How to to monitor Spark resource utilization

sparkctl integrates with rmon to monitor CPU, memory, disk, and network utilization of Spark.

This page shows how to enable it.

$ sparkctl configure --resource-monitor

By default, this enables monitoring of all resource types at a 5-second interval. Edit the resulting config.json to customize resource types or interval.

Start the Spark cluster as normal.

$ sparkctl start

sparkctl will enable resource monitoring with rmon in the background on all compute nodes. Whenever you stop the cluster after running your jobs:

$ sparkctl stop

sparkctl will stop rmon on all compute nodes, collect a summary of utilization stats, and produce interactive HTML plots.

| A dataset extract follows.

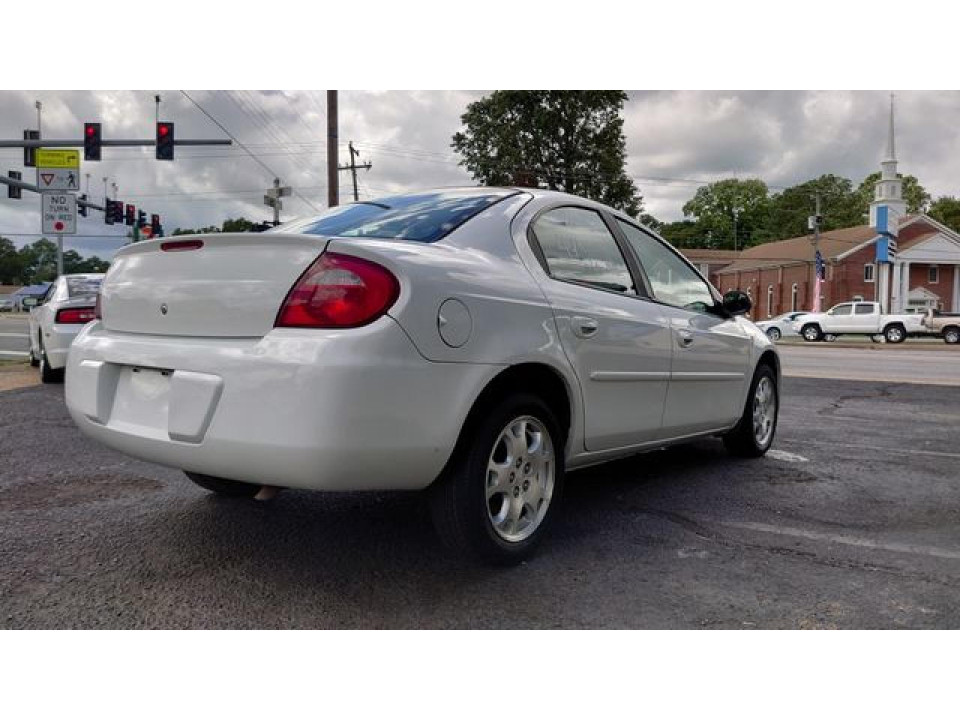 Dodge NEON 2005 — Copart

Those will be in ./stats-output/html by default.

Warning

If you don’t run sparkctl stop, rmon will keep running on all compute nodes indefinitely.

Managed execution

sparkctl offers a managed execution mode to help prevent cases where you forget to shut down Spark workers and rmon.

Add the --wait option to the start command as follows:

$ sparkctl start --wait

sparkctl will print Press Ctrl-C to shut down all Spark processes. to the console and then go to sleep without returning control to the shell.

Connect to the head node of the allocation and run your Spark jobs. When you’re done, press Ctrl-c in the original terminal to shut everything down.